Saturday, May 10, 2025

OC School of the Arts offers Santa Ana Unified $4M to settle lawsuit

Orange County School of the Arts leaders offered Santa Ana Unified School District $4 million to settle its ongoing lawsuit against the district.

In 2019, OCSA was among four charter schools under the SAUSD umbrella that the district argued owed funds that should have been paid toward districtwide special education programs, per state law. Most recently, OCSA appealed a recent judge’s ruling that it should have to pay the district $16 million with interest and sought mediation with SAUSD.

Related: Six years on, OC School of the Arts and Santa Ana Unified continue in court over special ed funding

“Because we have been unsuccessful in getting the school district to offer to go back to mediation, despite hundreds of people requesting it in public comment for the last several meetings, we took matters into our own hands and wanted to put an offer on the table publicly,” said Teren Schaffer, president and CEO of OCSA.

SAUSD spokesperson Fermin Leal said the district is reviewing the document provided by OCSA, but he could not confirm whether it was a deal that the district would accept or even consider at this point.

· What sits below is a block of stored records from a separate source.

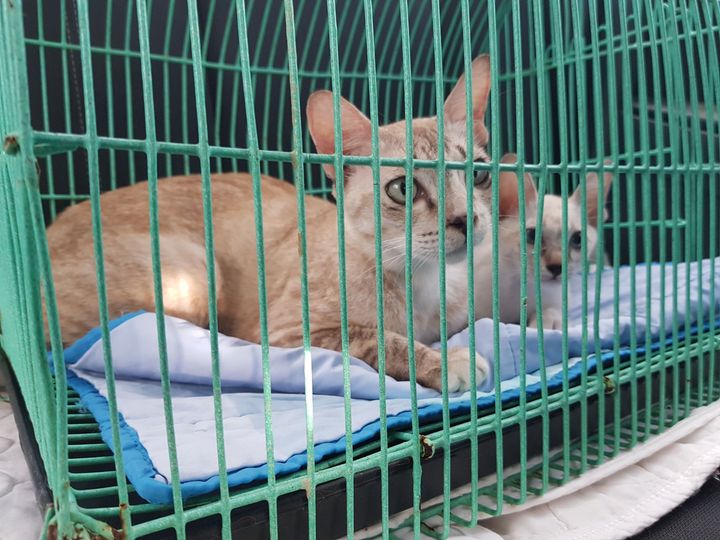 วันนี้แม่ปลาสร้อยกับปลาซิวไปหาหมอครับ 1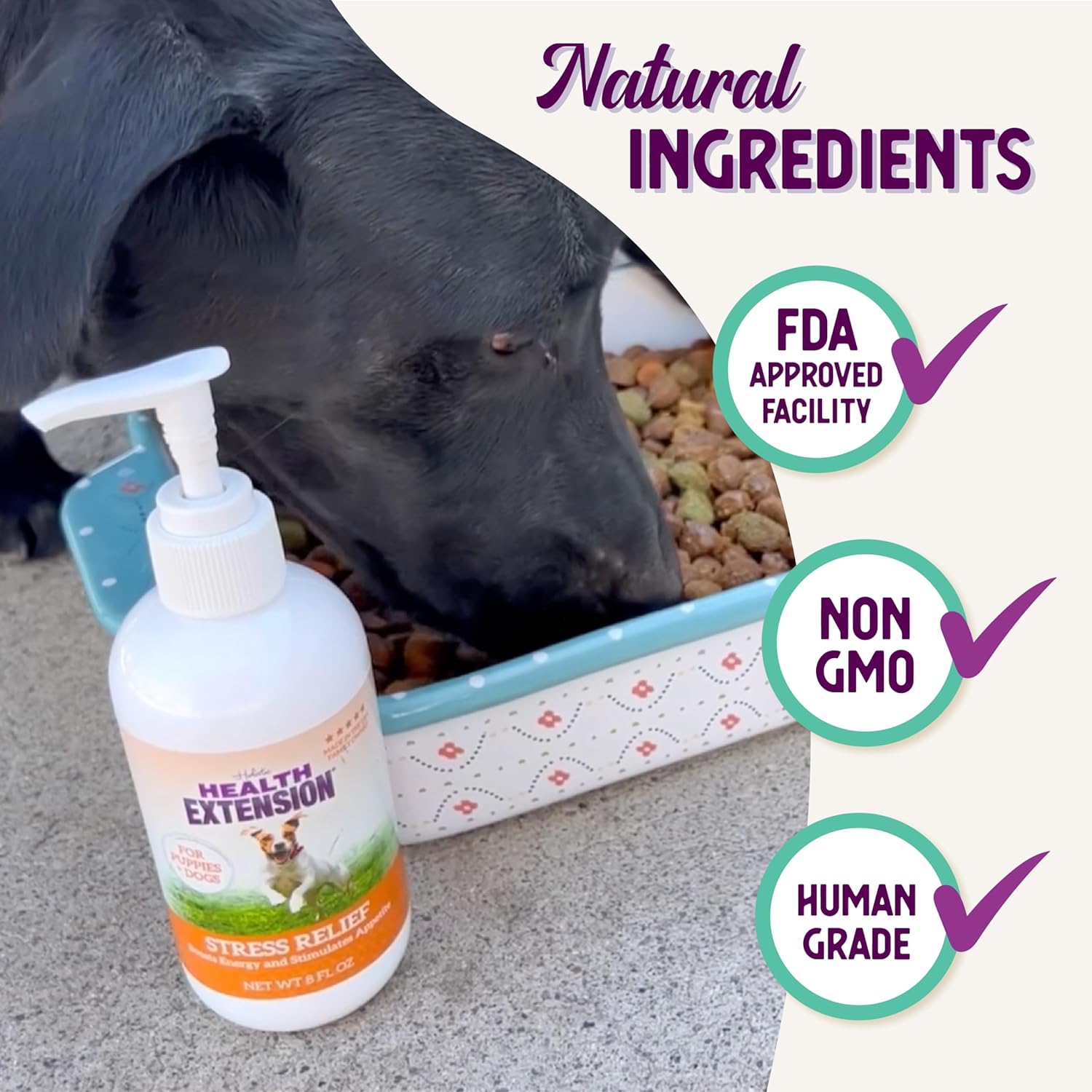 8oz Health Extension Stress Relief Supplement for Dogs with Appetite & Energy Boost - Prevents Hypoglycemia, Enriched with Vitamin B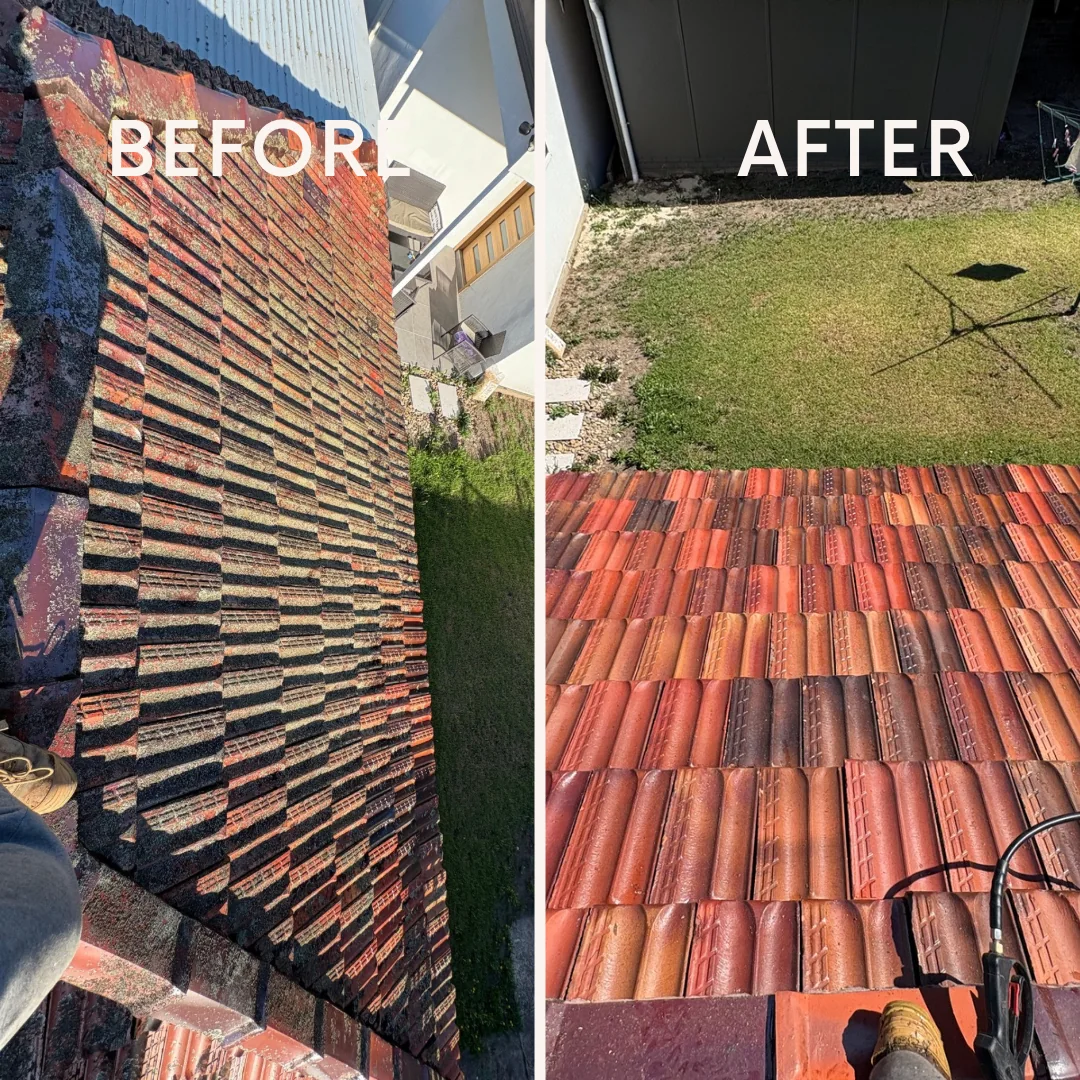 Genuine roof cleaning before and after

The charter school, which serves middle and high school students interested in arts, opened in 2000 under the umbrella of Santa Ana Unified. As part of the arrangement, the charter school, OCSA, hired its own special education staff and provided services to its students, invoicing the district for those costs.

According to OCSA officials, the charter school was reimbursed about $8.8 million for special education services provided to students, and SAUSD kept more than $11 million in additional revenue.

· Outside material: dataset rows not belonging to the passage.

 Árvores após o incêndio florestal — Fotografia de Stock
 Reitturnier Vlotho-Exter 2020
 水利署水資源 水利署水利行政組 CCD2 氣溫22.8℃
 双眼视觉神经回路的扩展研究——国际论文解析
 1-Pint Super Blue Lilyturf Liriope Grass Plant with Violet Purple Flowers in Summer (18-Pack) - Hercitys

In 2020, the arts school left SAUSD and moved under the Orange County Board of Education.

“They collected an excess of $11.5 million on our behalf that we didn’t utilize for serving the needs of special education students,” Schaffer said. “That’s money that they got to keep for their own use, as they desired. When you take the $4 million offer and combine it with the $11.5 million that they’ve already retained, that gets us to approximately the $16 million that they say we owe.”

OCSA officials said three judges have weighed in on the legal dispute so far, two of whom sided with the charter school. SAUSD moved the case out of Orange County and into Los Angeles County, where it remains today.

Leal, in a statement, said that a trial court rejected in February 2023 OCSA’s argument that SAUSD received a “windfall” in special education funding from the charter school.

“SAUSD was not the one that filed this lawsuit in 2019,” Leal said. “SAUSD would still prefer to reach a reasonable settlement of this case rather than continue to litigate.”

The district remains open to finding solutions that best serve the charter school and the district, Leal added.

“But we also want to ensure that the district is compensated, as required by law, for the services for our special education students,” Leal said. “We continue to look at all the options, but we also want to make sure that we are able to provide our students with the resources they need.”

The district has until May 21 to respond to OCSA’s offer.